Data Polda Metro Jaya menyebutkan pada kuartal pertama 2022 tingkat kemacetan di Jakarta mencapai sekitar 48 persen. Data lain juga menyebut kerugian yang ditimbulkan oleh macet konon mencapai Rp 71 triliun. Hal itu terkait dengan penggunaan BBM dan faktor lainnya. Belum lagi jika ditelisik dari aspek kesehatan masyarakat, seperti meningkatnya stres, depresi, dan kecemasan.
Sedangkan Tomtom Traffic Index menyebut, saat ini rata-rata waktu tempuh untuk perjalanan per 10 kilometer di DKI mencapai 22 menit 40 detik. Dan, sebagai kota metropolitan, Jakarta masuk sebagai kota paling macet di dunia nomor 29. Sebelumnya, lembaga ini juga merilis waktu-waktu kemacetan di Jakarta. Waktu paling macet adalah Senin dan Jumat pada pukul 17.00 (67 persen). Pada Senin pukul 08.00 WIB, angka kemacetan sebesar 43 persen. Dan, pada Selasa-Kamis pukul 17.00 sebesar 62-64 persen dan pada pukul 18.00 sebesar 62-55 persen.

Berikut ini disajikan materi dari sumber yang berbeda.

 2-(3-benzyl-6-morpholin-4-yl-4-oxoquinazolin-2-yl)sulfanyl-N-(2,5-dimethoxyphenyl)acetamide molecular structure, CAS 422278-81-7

Kemacetan terjadi karena volume kendaraan tidak sebanding dengan ruas jalan yang tersedia. Data Korlantas Polri, jumlah kendaraan bermotor yang ada di Jakarta mencapai 22.091.244 unit. Hampir 80 persen adalah sepeda motor 17.621.463 unit. Jumlah mobil sebanyak 3.618.644 unit, mobil barang 752.876 unit, bus 16.388 unit, dan kendaraan khusus 14.961 unit. Hal itu berarti pengendara motor menjadi "penguasa" di jalanan.

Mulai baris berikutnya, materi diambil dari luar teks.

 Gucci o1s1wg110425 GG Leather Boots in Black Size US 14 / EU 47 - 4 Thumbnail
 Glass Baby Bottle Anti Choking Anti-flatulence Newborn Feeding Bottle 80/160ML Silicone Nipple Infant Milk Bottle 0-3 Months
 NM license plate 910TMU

Dari berbagai kajian, selain karena rasio jalan dan kendaraan yang timpang, kemacetan juga dipicu karena minimnya area parkir di perkantoran atau instansi lainnya. Selain itu, tata ruang dan tata kota yang kurang memperhatikan infrastruktur jalan juga berpengaruh terjadinya macet. Di sisi lain, pembangunan proyek infrastruktur di beberapa titik juga menjadi penyebab utama. Di samping itu, faktor kedisiplinan pengguna jalan juga menjadi pemicu kemacetan yang parah. Misalnya pengendara motor yang masuk ke jalur Transjakarta, angkot yang ngetem sembarangan, kendaraan yang melewati trotoar, dan pelanggaran terhadap rambu-rambu lalu lintas.
Mengatasi Kemacetan
Perihal kemacetan ini, sejatinya Pemprov Jakarta sudah melakukan berbagai upaya. Dulu pernah ada kebijakan three in one, sekarang ini kebijakan ganjil genap. Meskipun, beberapa kajian menyebutkan penerapan ganjil genap belum signifikan menurunkan kemacetan. Beberapa waktu lalu, juga ada wacana penerapan jalan berbayar atau electronic road pricing (ERP).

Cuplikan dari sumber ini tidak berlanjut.